Petitioner also pointed out that applying Memorandum Circular No. 38-68, the BIR's Notices of
Levy on the Marcos properties were issued beyond the allowed period, and are therefore null
and void.

ISSUE: Are the contentions of Marcos II correct?

HELD:

No, his contentions are incorrect. The Supreme Court held that, from the foregoing, it is
discernible that the approval of the court, sitting in probate, or as a settlement tribunal over
the deceased is not a mandatory requirement in the collection of estate taxes. It cannot
therefore be argued that the Tax Bureau erred in proceeding with the levying and sale of the
properties allegedly owned by the late President, on the ground that it was required to seek
first the probate court's sanction.
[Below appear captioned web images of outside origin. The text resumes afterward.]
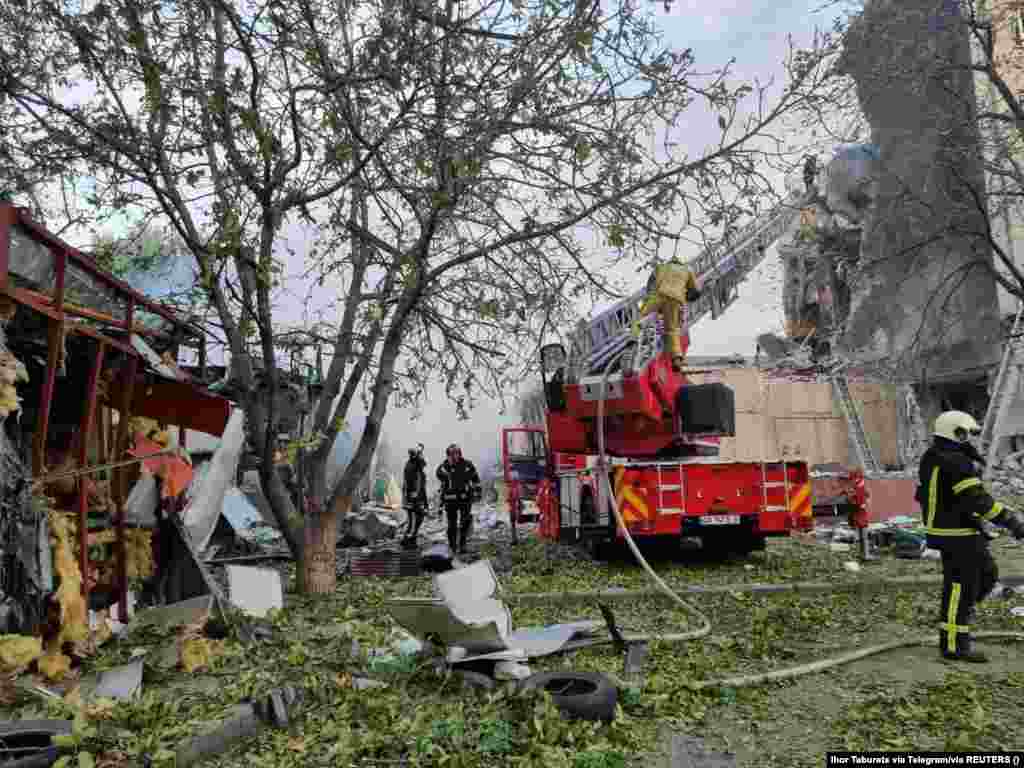 На фото, отриманому з соціальних мереж, зафіксовано наслідки ракетного удару по Черкасах  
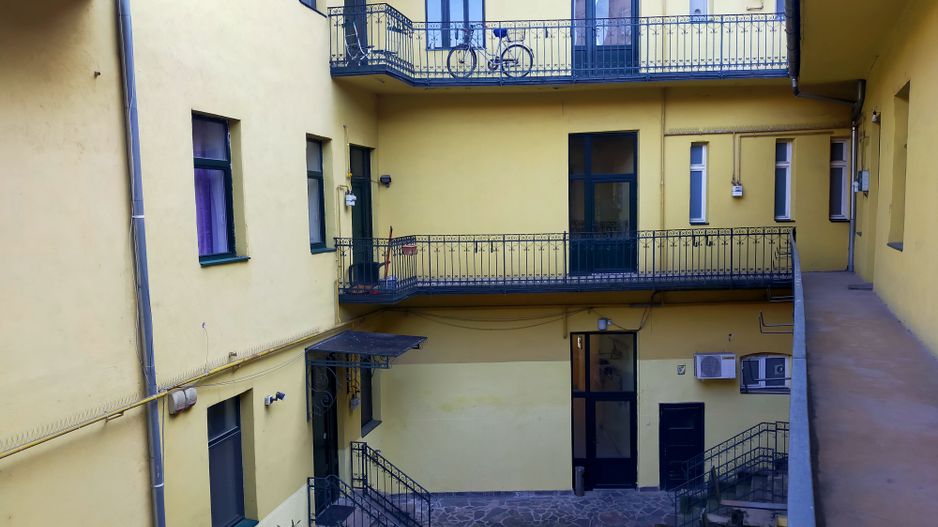 APARTAMENT 2 CAMERE ZONA SEMICENTRALA - Poză 5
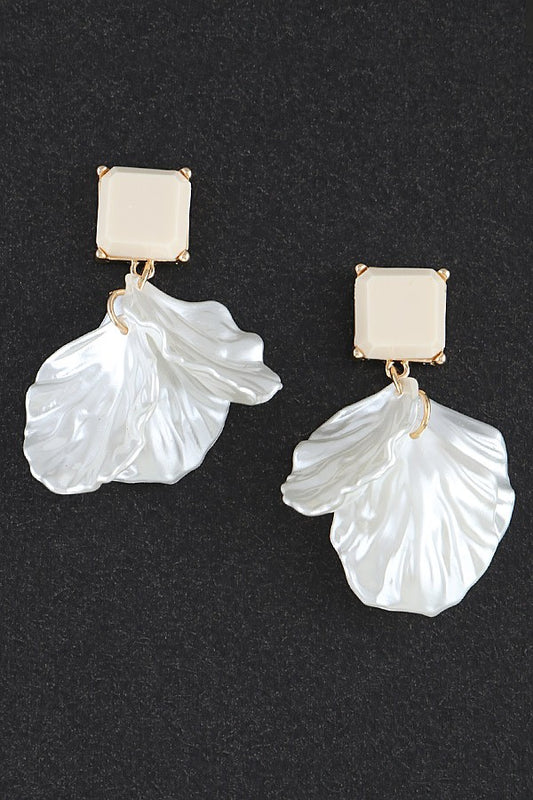 Pretty Pearl Petal Earrings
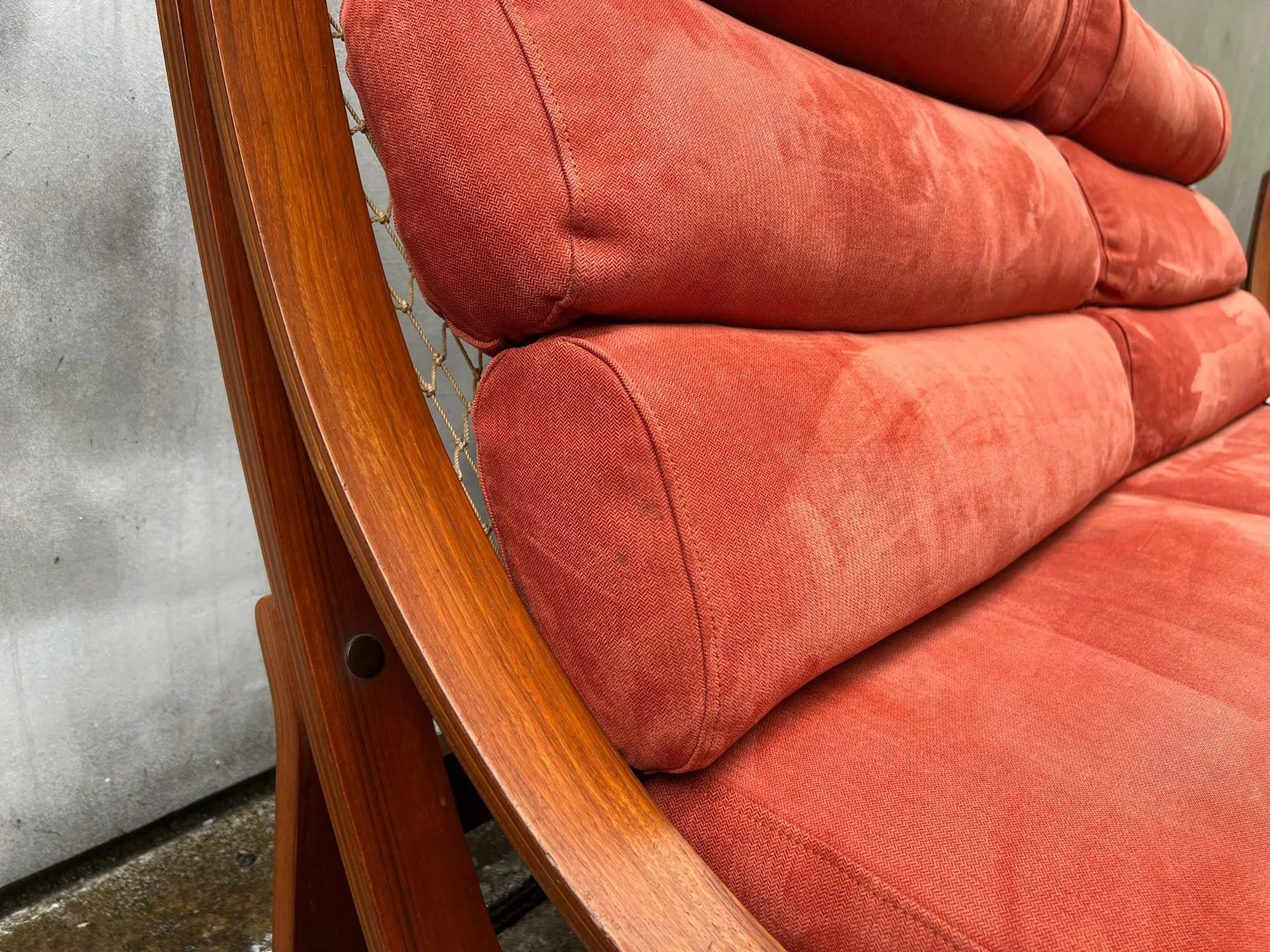 tessa-t4-leather-lounge-suite-by-fred-lowen-6.jpg
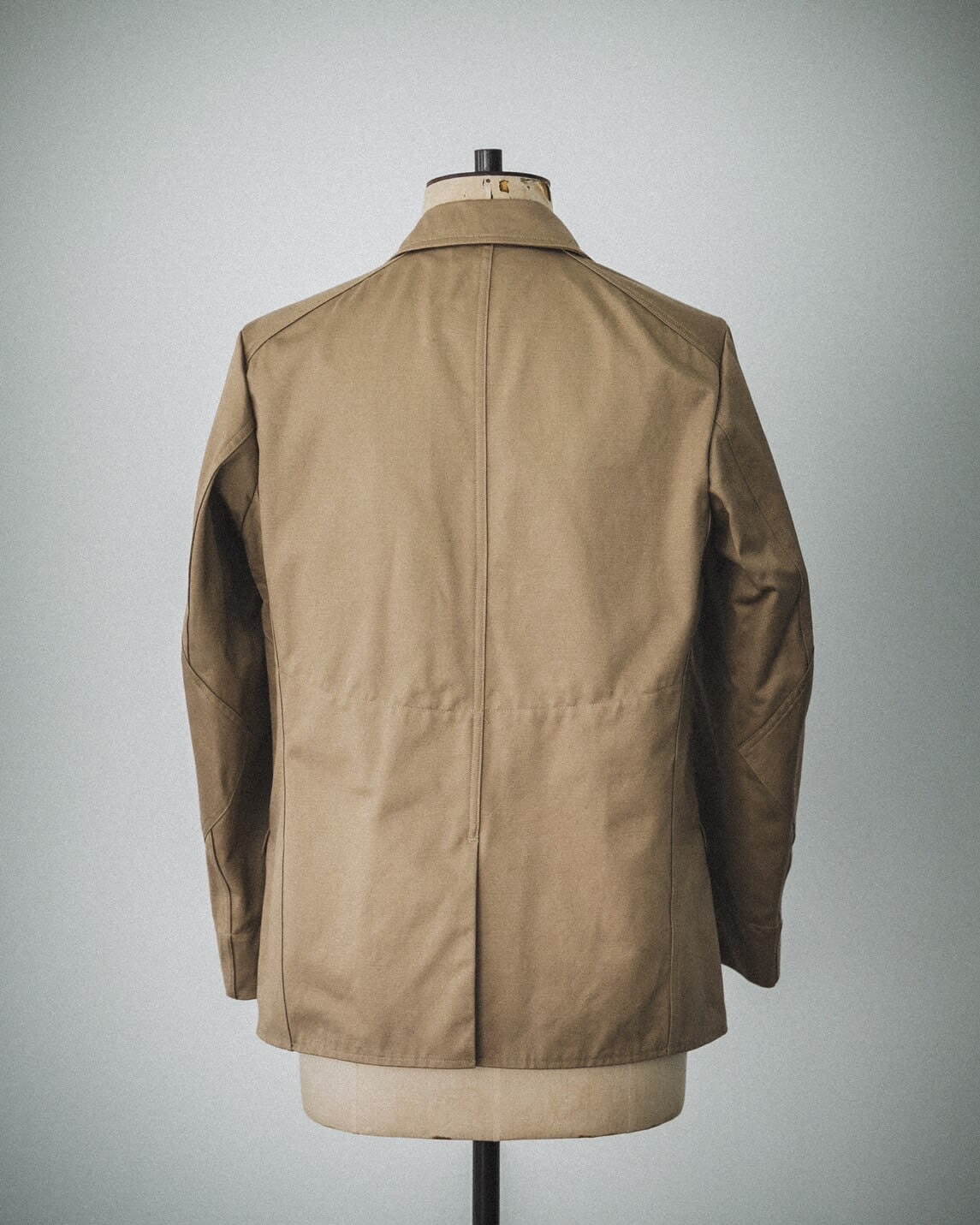 Scye×ネクサスセブンのジャケット＆トラウザーズ、デニム・チノクロスを上品な佇まいで｜写真11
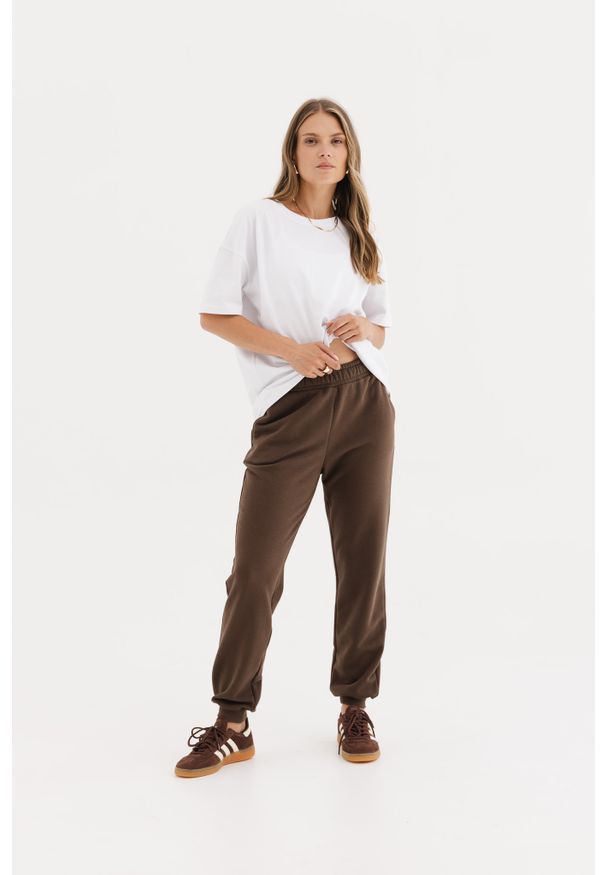 LEKKIE SPODNIE CELINE CZEKOLADOWE S - Flawless. Okazja: na co dzień. Kolor: brązowy. Materiał: guma, elastan, bawełna, dresówka, skóra. Styl: klasyczny, casual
There is nothing in the Tax Code, and in the pertinent
remedial laws that implies the necessity of the probate or estate settlement court's approval of
the state's claim for estate taxes, before the same can be enforced and collected.

The deficiency income tax assessments and estate tax assessment are already final and
unappealable -and-the subsequent levy of real properties is a tax remedy resorted to by the
government, sanctioned by Section 213 and 218 of the National Internal Revenue Code. This
summary tax remedy is distinct and separate from the other tax remedies (such as Judicial Civil
actions and Criminal actions), and is not affected or precluded by the pendency of any other tax
remedies instituted by the government.
On the issue of prescription, the omission to file an estate tax return, and the subsequent
failure to contest or appeal the assessment made by the BIR is fatal to the petitioner's cause, as
under Sec.223 of the NIRC, in case of failure to file a return, the tax may be assessed at anytime
within 10 years after the omission, and any tax so assessed may be collected by levy upon real
property within 3 years (now 5 years) following the assessment of the tax. Since the estate tax
assessment had become final and unappealable by the petitioner's default as regards
protesting the validity of the said assessment, there is no reason why the BIR cannot continue
with the collection of the said tax.